伪随机数生成器对机器学习获得的平均治疗效果估计值的影响》（Pseudo-Random Number Generator Influences on Average Treatment Effect Estimates obtained with Machine Learning）。

背景：使用机器学习估算暴露效应会在实证研究结果与用于固定伪随机数生成器的种子值之间引入一种依赖关系：我们使用了来自 10,038 名孕妇和 10% 的子样本（N = 1,004）的数据，研究了在不同的种子值下，水果和蔬菜摄入量与子痫前期风险之间的风险差异变化程度。我们用两种超级学习器算法拟合了一个增强的反概率加权估计器：一种是包括随机森林和单层神经网络的简单算法，另一种是混合了基于树、基于回归、惩罚算法和简单算法的更复杂算法。我们评估了 5000 个不同种子值的风险差异、标准误差和 p 值的分布情况：结果：我们的研究结果表明，风险差异估计值存在很大差异，所使用的堆叠算法也有重要影响。在使用简单算法的全样本中，风险差异的四分位数范围宽度（IQRw）为 13‰。然而，所有其他的 IQR 都低了大约一个数量级。风险差异分布的中位数因样本量和所用算法而异：我们的发现为 "p-黑客 "的可能性增添了新的担忧，并进一步证明了在实证研究中摒弃简单的证据阈值的必要性。当实证结果依赖于伪随机数生成器种子值时，在解释这些结果时必须谨慎。

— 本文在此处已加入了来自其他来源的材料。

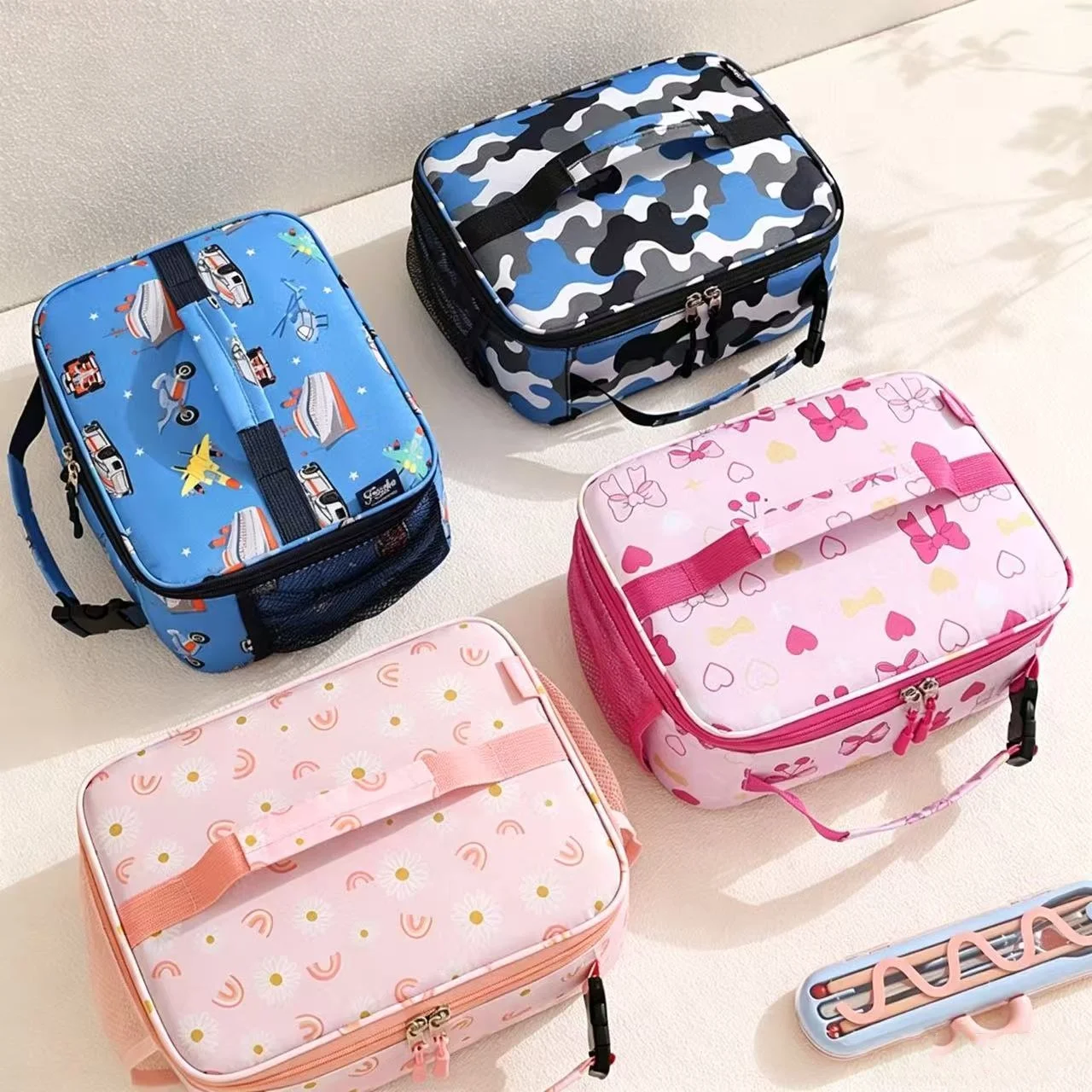Isolierte Cartoon-Lunchbox für Kinder, niedliche bedruckte Lebensmittel-Handtasche, tragbare Thermo-Lunch-Tasche, Frischhalte-Tasche für Schüler – Detail 3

本文章由计算机程序翻译，如有差异，请以英文原文为准。

求助全文

约1分钟内获得全文去求助

来源期刊

Epidemiology 医学-公共卫生、环境卫生与职业卫生

CiteScore

6.70

自引率

3.70%

发文量

177

审稿时长

6-12 weeks

期刊介绍： Epidemiology publishes original research from all fields of epidemiology. The journal also welcomes review articles and meta-analyses, novel hypotheses, descriptions and applications of new methods, and discussions of research theory or public health policy. We give special consideration to papers from developing countries.